Claro que Beco do Pesadelo tem ressalvas que diminuem a sua apreciação. É um filme MUITO longo, cuja narrativa lenta, deixa a sensação inevitável de que os dois atos não dialogam muito bem entre si. É como se fossem dois filmes diferentes. O ato do circo, apesar de ser tão bem filmado, de uma construção elegantíssima na transição entre o filme de fantasia e horror, não impede o sentimento de que o cineasta se alonga demais naquele núcleo, inclusive o mistério noir (em relação ao passado do protagonista) que ele elabora sofre por esta quebra de ritmo no segundo ato. 

Essa situação, pelo menos, encontra um fiel da balança no ótimo elenco, recheado de nomes do primeiro time de Hollywood, alguns até em pequenas participações. A dinâmica entre Cooper e Blanchett funciona muito bem porque os dois formam um senhor casal dentro da perspectiva noir. 

Ele se destaca numa interpretação bem consistente, despertando os sentimentos exatos entre vulnerabilidade e a repulsa de Stanton. Ela, por sua vez, reproduz a performance clássica da femme fatale com uma dissimulação que, apesar de dar a impressão de soar forçada, casa com seu parceiro de cena por ser oposto da conduta deste. Vale destacar também o casal coadjuvante de Toni Collette e David Strathairn, este último um ator geralmente subestimado, mas que está soberbo como um mentalista alcoólatra.  

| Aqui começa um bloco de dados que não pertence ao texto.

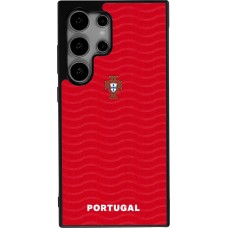 Samsung Galaxy S25 Ultra Case Hülle - Silikon schwarz Portugal 2026 personalisierbares Fussballtrikot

É estranho dizer isso, mas ao final de O Beco do Pesadelo tive a sensação de que é um dos filmes que melhor trafega pelo cinema pessoal de Del Toro ao lado de O Labirinto de Fauno, apesar das claras diferenças visuais e na exploração de temáticas entre os dois. Só que ambos dialogam através de pequenos refúgios na construção de seus comentários sociais e psicológicos sobre a ambição moral que rege o ser humano. Não é um filme realmente especial, mas evidencia o poder das fábulas morais necessitam ter para gerarem reflexão.